They tip-toed (and -clawed) to Betty's room (aka the bathroom with Betty's bed in it) and peeped in.  Betty was sound asleep, but growling, wuffing and muttering in her sleep.  She was burbling something incoherent about "the potatoes".  Giz looked instantly amused.  I was just quietly warning her that she ought to consider the fact that she, too, mutters in her sleep before she laughs too heartily at Betty - when Betty herself suddenly sat bolt upright with her eyes open (though clearly still in the deepest of sleeps) and barked clearly and loudly "The potatoes!  There aren't enough potatoes!  Nellie -" [Betty's Springer Spaniel house-mate] "- we HAVE to plant more potatoes or no carrots will grow!  Quick!  The potatoes!!  This is important..." and, with that, she collapsed back onto her blanket and fell into deep muffled snores again.  Giz could barely suppress her giggles as she and my partner crept back to their own bed.

I sternly forbade Gisèle from teasing Betty about this during the following day.  With her usual faux-sincérité, Giz nodded and promised not to mock her friend, all the while her twinkling eyes signalling mischievous plots being created...  I shook my head as, some time later, I spotted Giz grasping 'twixt her tiny fangs the little potato bag from my partner's vegetable-rack.  She crept back to where Betty lay sleeping and dropped the bag, arranging the small spuds around Betty's head and then lay down to wait.  I didn't linger to view the outcome, such japes were only occasionally amusing to me.  I did, however, catch Betty following Giz with a look of rapt wonder on her face pleading "But how did you know, Gizzy, how did you KNOW?" Gisèle merely giggled and replied "I saw it in my crystal bowl..."
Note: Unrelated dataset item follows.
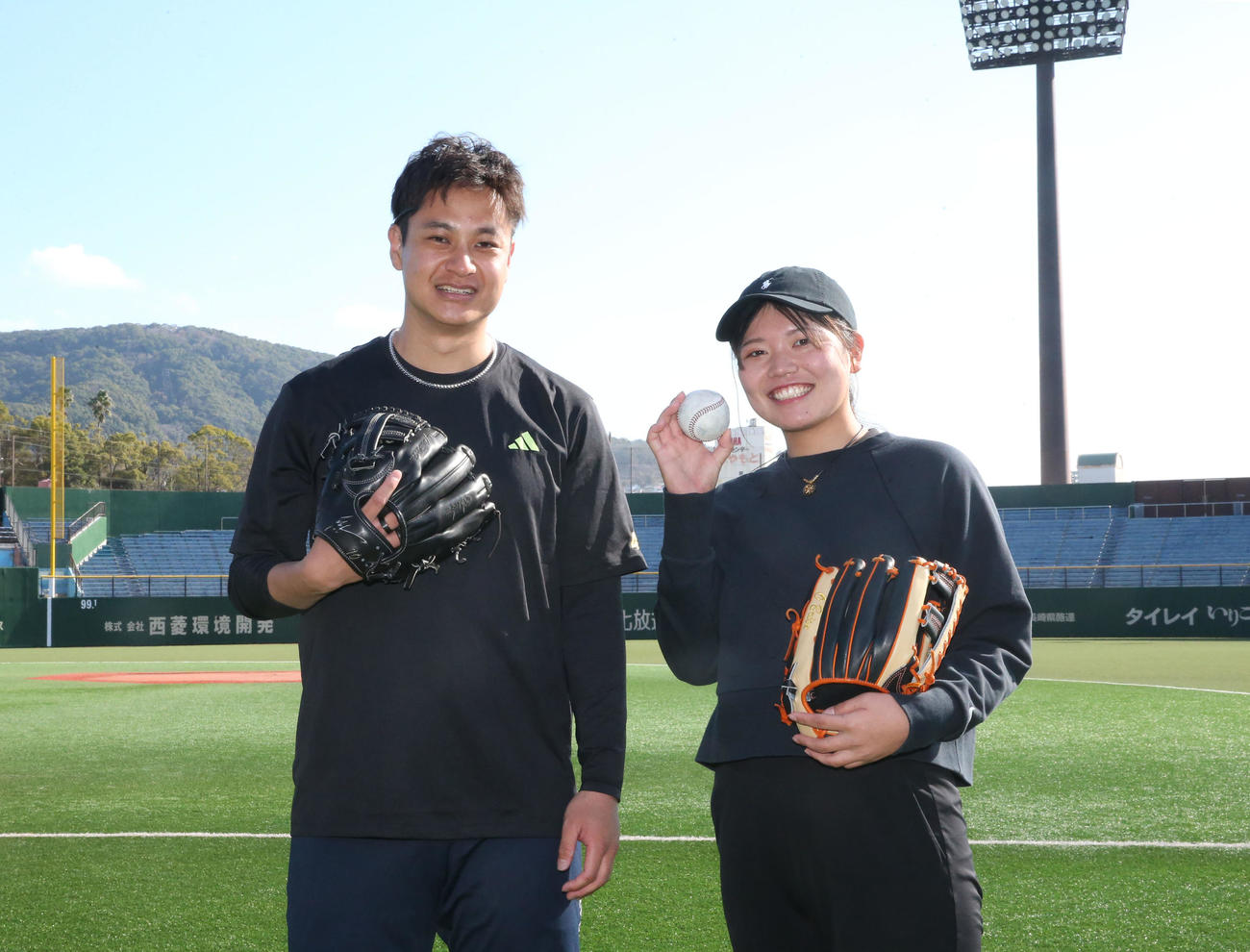 キャッチボールを終えて記念撮影する阪神大竹（左）と桜井心那（撮影・冨田成美）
I despair of those two, I genuinely do.



GISÈLE'S HOLIDAY DIARY - PART 2



I had a very good nights' sleep in my sleeping bag and jumped out of bed. I couldn't WAIT to get out and about and on with the business of being on holiday. I heard Devon and Eis, the big (German) Belgian Shepherd Dogs, and their owners from the next-door cottage going out for the day while I was eating my breakfast, but Marnie came bounding up with her trademark rubber-ball when I put my first paw outdoors for a wee-wee. "Good morning!" she grinned. I liked Marnie, she was really friendly. "Come and meet the chickens!" she wuffed (I hadn't quite worked out how she could wuff clearly, despite holding her ball in her mouth, it was like magic). "Oh... I don't know..." I replied, doubtfully. Mistress had not let me forget what happened with the chicken on my last holiday, nor the level of spanked bottom I would receive if I repeated my wicked deed.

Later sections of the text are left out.